Posted to user@nutch.apache.org by Paul Tomblin <pt...@xcski.com> on 2009/07/31 03:26:37 UTC

Re: how to exclude some external links

On Thu, Jul 30, 2009 at 9:15 PM, <al...@aim.com> wrote:

> I would like to know how can I modify nutch code to exclude external links with certain extensions. For example, if have in urls mydomain.com and my domain.com has a lot of links like mydomain.com/mylink.shtml, then I want nutch not to fetch(crawl) these kind of urls at all.

Can't you do this with the existing RegexURLFilter plugin?  Make sure
urlfilter-regex is listed in plugin.includes, and that you've got the
property urlfilter.regex.file is set to a file (probably
regex-urlfilter.txt).  Then you can list the extensions you want to
skip in that file.

-- 
http://www.linkedin.com/in/paultomblin

Re: how to exclude some external links

Posted by al...@aim.com.
 


 Hi,

The plugin is enabled in nutch-default.xml file, but changes in it did not affect search. Instead changes in crawl-urlfilter.txt takes changes fetched links.

Thanks.
Alex.


 

-----Original Message-----
From: Paul Tomblin <pt...@xcski.com>
To: nutch-user@lucene.apache.org
Sent: Thu, Jul 30, 2009 6:26 pm
Subject: Re: how to exclude some external links










On Thu, Jul 30, 2009 at 9:15 PM, <al...@aim.com> wrote:

> I would like to know how can I modify nutch code to exclude external links 
with certain extensions. For example, if have in urls mydomain.com and my 
domain.com has a lot of links like mydomain.com/mylink.shtml, then I want nutch 
not to fetch(crawl) these kind of urls at all.
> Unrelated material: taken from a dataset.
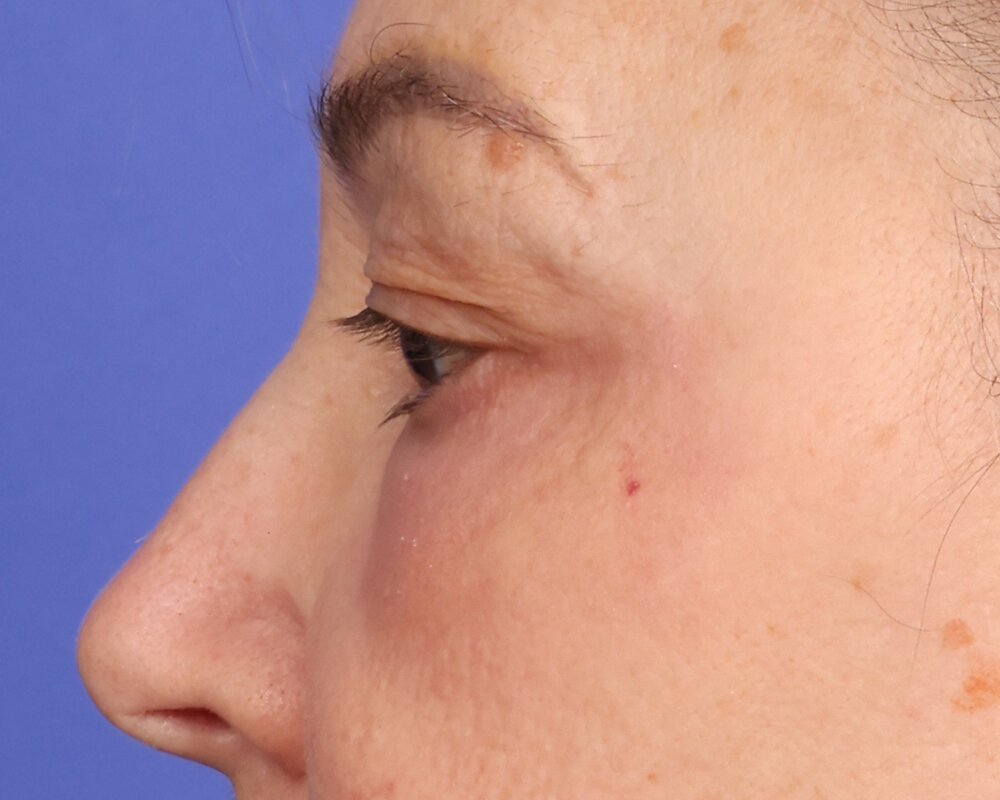 Laser Skin Resurfacing Before & After Image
Can't you do this with the existing RegexURLFilter plugin?  Make sure
urlfilter-regex is listed in plugin.includes, and that you've got the
property urlfilter.regex.file is set to a file (probably
regex-urlfilter.txt).  Then you can list the extensions you want to
skip in that file.

-- 
http://www.linkedin.com/in/paultomblin